WHAT YOU HAVE TO DO »
Give back the entries exactly as they read, leaving each image out.

════════

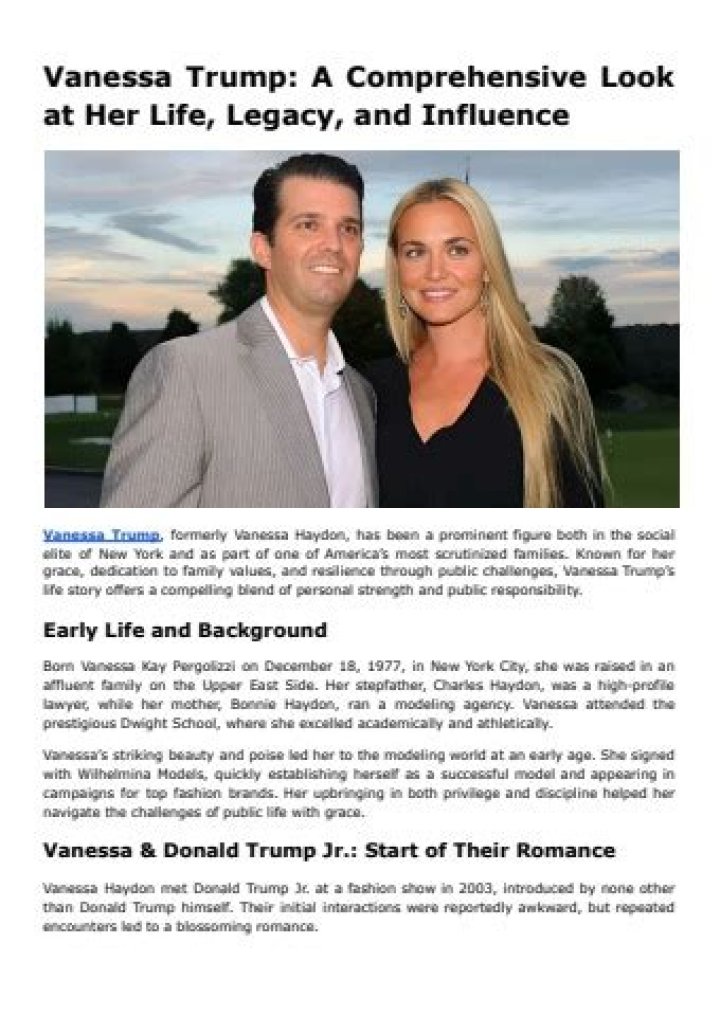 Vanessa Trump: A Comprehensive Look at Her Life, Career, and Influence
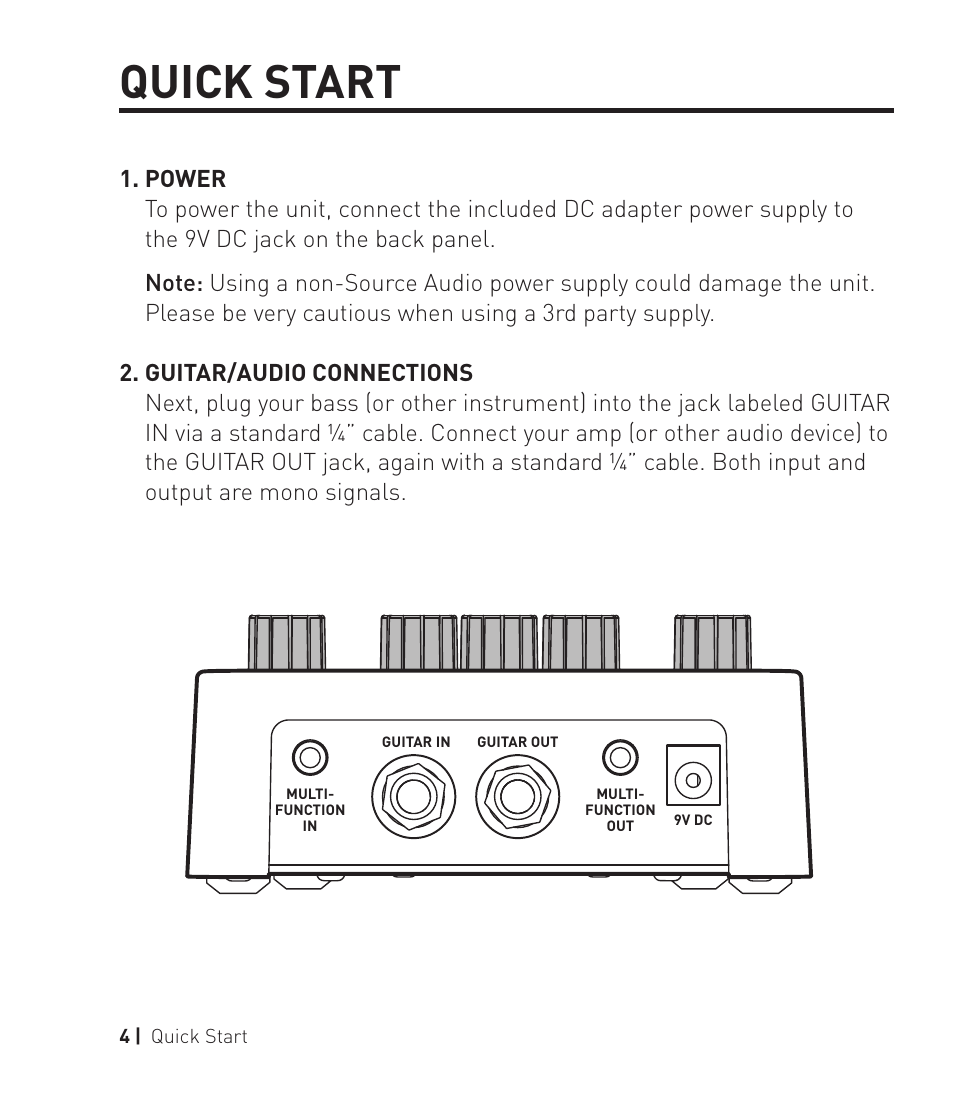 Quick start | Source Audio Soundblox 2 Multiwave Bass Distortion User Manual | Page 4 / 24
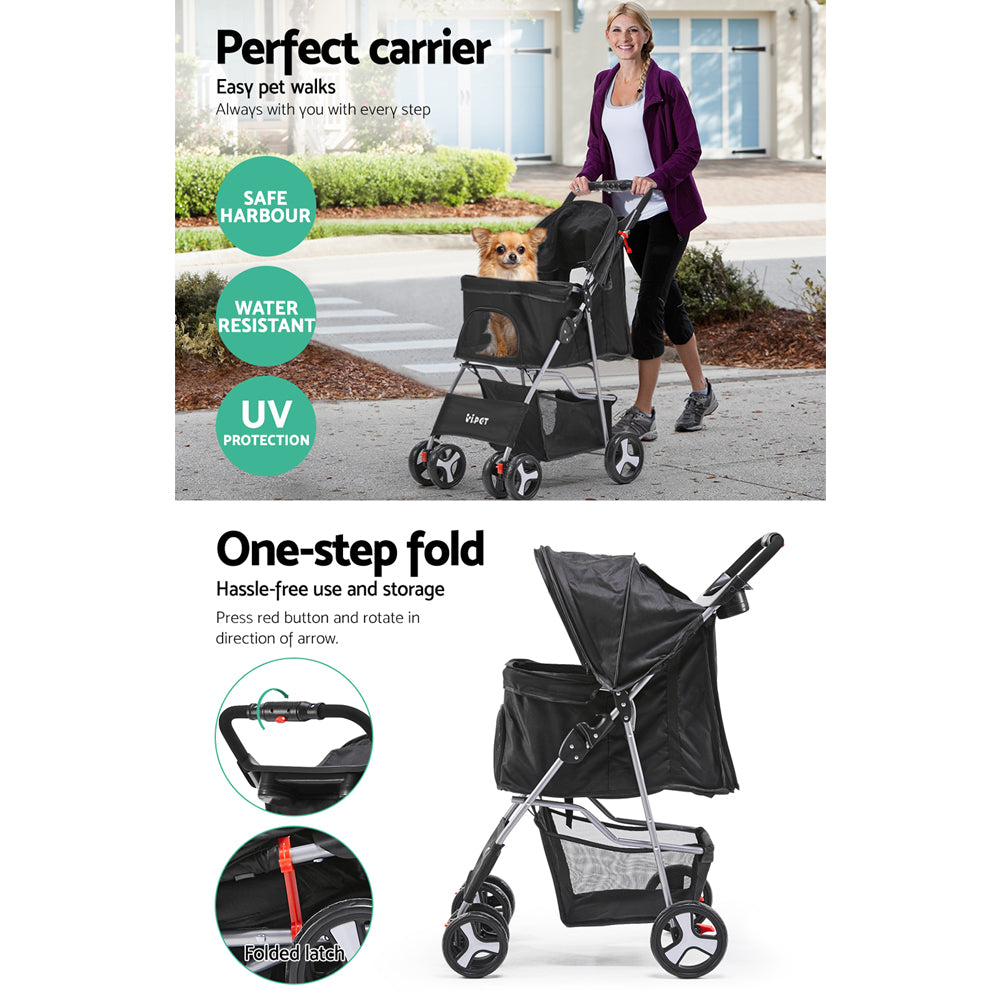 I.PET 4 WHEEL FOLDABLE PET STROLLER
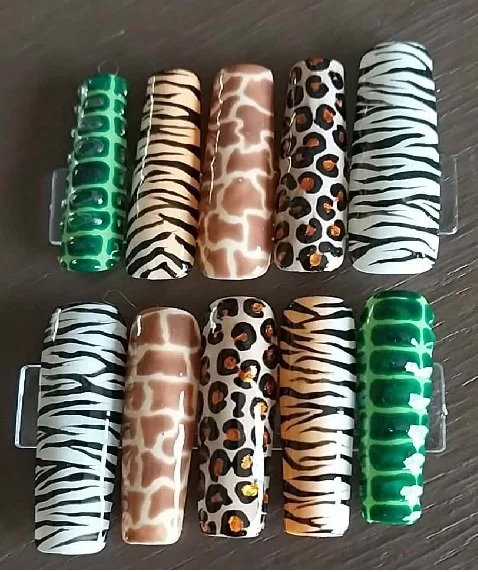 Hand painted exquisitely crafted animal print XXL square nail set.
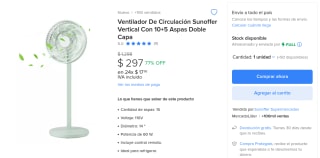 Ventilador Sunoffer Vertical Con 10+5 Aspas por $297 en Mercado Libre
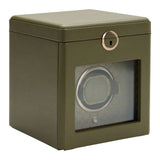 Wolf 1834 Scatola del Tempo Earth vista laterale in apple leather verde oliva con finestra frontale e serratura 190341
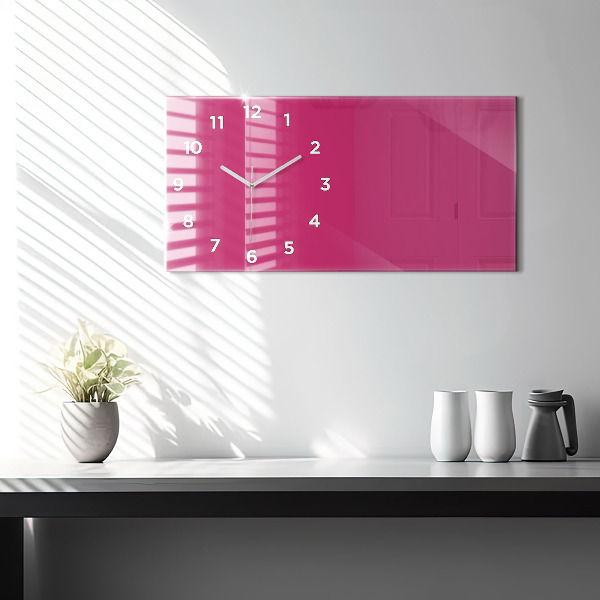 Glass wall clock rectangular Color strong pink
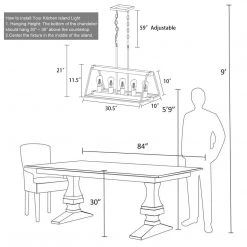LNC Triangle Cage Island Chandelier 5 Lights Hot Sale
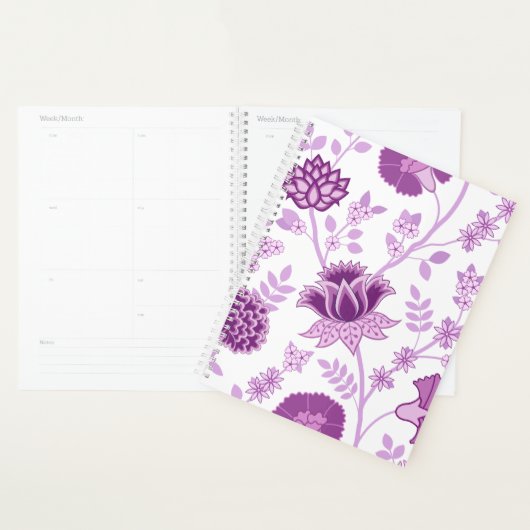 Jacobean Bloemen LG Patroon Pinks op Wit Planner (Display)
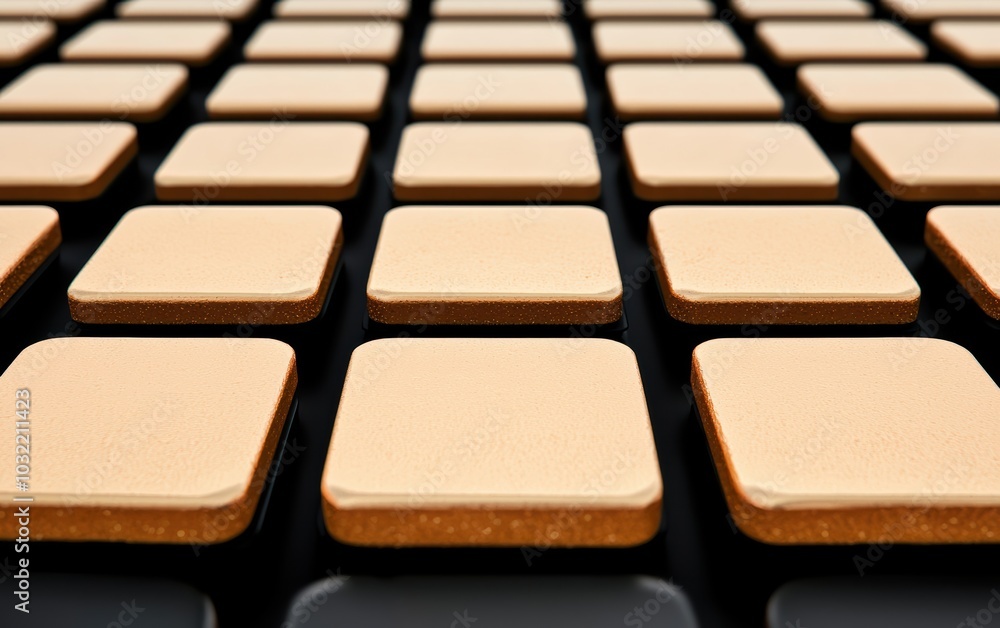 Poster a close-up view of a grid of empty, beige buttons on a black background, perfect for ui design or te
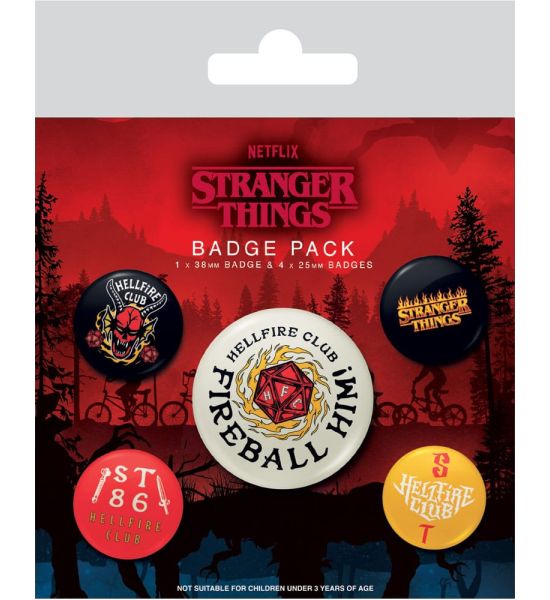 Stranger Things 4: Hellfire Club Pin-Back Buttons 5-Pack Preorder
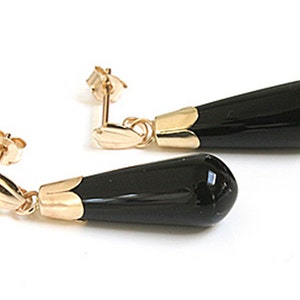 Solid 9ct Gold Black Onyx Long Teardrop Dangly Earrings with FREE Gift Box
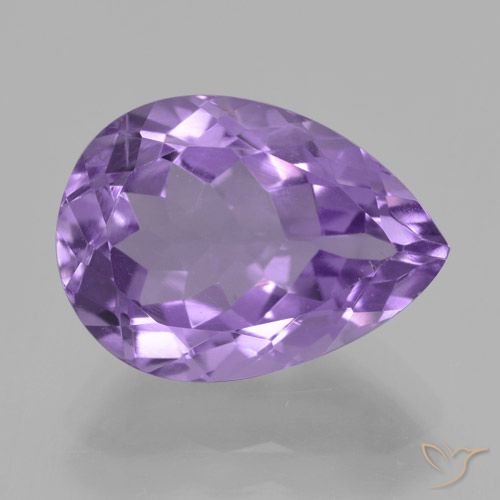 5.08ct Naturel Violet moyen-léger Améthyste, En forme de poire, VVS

════════

TASK RESULT »
 Vanessa Trump: A Comprehensive Look at Her Life, Career, and Influence
 Quick start | Source Audio Soundblox 2 Multiwave Bass Distortion User Manual | Page 4 / 24
 I.PET 4 WHEEL FOLDABLE PET STROLLER
 Hand painted exquisitely crafted animal print XXL square nail set.
 Ventilador Sunoffer Vertical Con 10+5 Aspas por $297 en Mercado Libre
 Wolf 1834 Scatola del Tempo Earth vista laterale in apple leather verde oliva con finestra frontale e serratura 190341
 Glass wall clock rectangular Color strong pink
LNC Triangle Cage Island Chandelier 5 Lights Hot Sale
 Jacobean Bloemen LG Patroon Pinks op Wit Planner (Display)
 Poster a close-up view of a grid of empty, beige buttons on a black background, perfect for ui design or te
 Stranger Things 4: Hellfire Club Pin-Back Buttons 5-Pack Preorder
 Solid 9ct Gold Black Onyx Long Teardrop Dangly Earrings with FREE Gift Box
 5.08ct Naturel Violet moyen-léger Améthyste, En forme de poire, VVS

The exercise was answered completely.